Extending the language

A script is a single file: there are no user-defined functions, includes or modules. You compose behaviour from the built-in library namespaces. Where an experiment needs something the library does not offer, you can write a small C++ extension that adds a function to the library — see writing a RALGOL extension. Because such customer-supplied code becomes part of a medical device, neuroConn reviews, tests, and deploys it through a controlled software process (risk management, verification and testing) before it runs.

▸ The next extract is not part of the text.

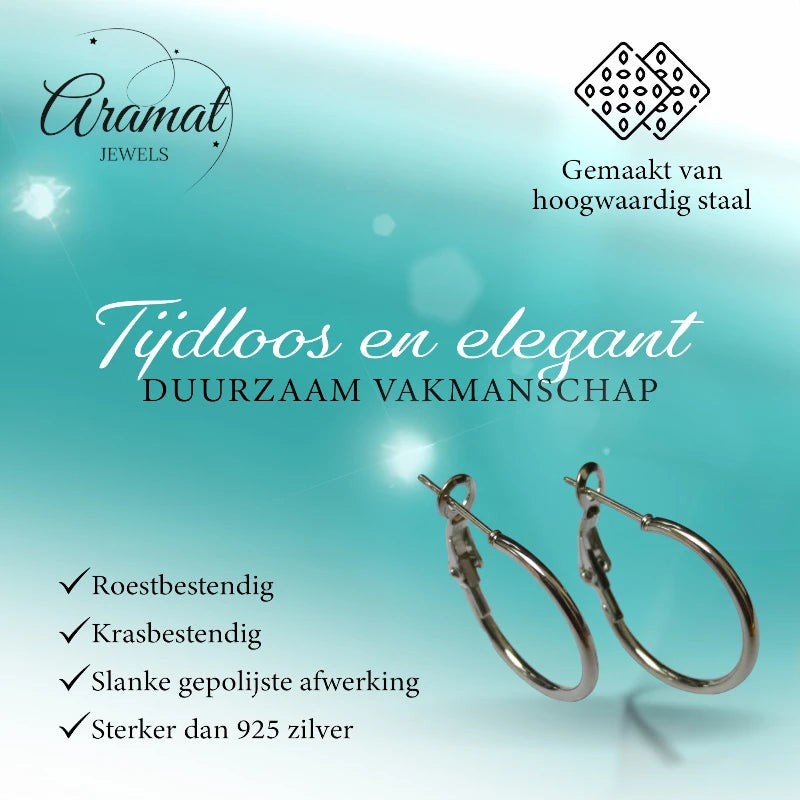 Boucles d'oreilles – Créoles classiques en acier inoxydable couleur argent (Tailles variées)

Frequently asked questions

Is the onboard language a dedicated DSL or C/C++? A dedicated language, RALGOL. It compiles to bytecode that runs on the device’s virtual machine in the 1 ms real-time loop. See How a script runs.

Is there an IDE for writing and deploying scripts? No dedicated IDE or language server. You edit plain text and use the command-line toolchain (ralgolitcc wraps the compile, assemble and dry-run steps); deployment to a device is a single parameter write to .protocol. See Tooling and Deploying a script.

Does the language support functions or multiple files? A script is one file with no user-defined functions or imports; you compose from the library namespaces, and deeper functionality is added by neuroConn as reviewed extensions. See Extending the language.

Is there fuller documentation of the language? Yes — the language reference lists the full syntax and every function library (with signatures and descriptions). This guide is the tutorial; the reference is the lookup table.

Can a script read parameters set over the JSON interface? Yes. A field you declare in the ral interface is written by the host over JSON and read back by the script as ral.field; use persistent to share values across reloads. See reacting to a parameter set by the host.

References

  • Language reference — full syntax and the function libraries with signatures.
  • Device-specific function lists and example scripts are available from neuroConn.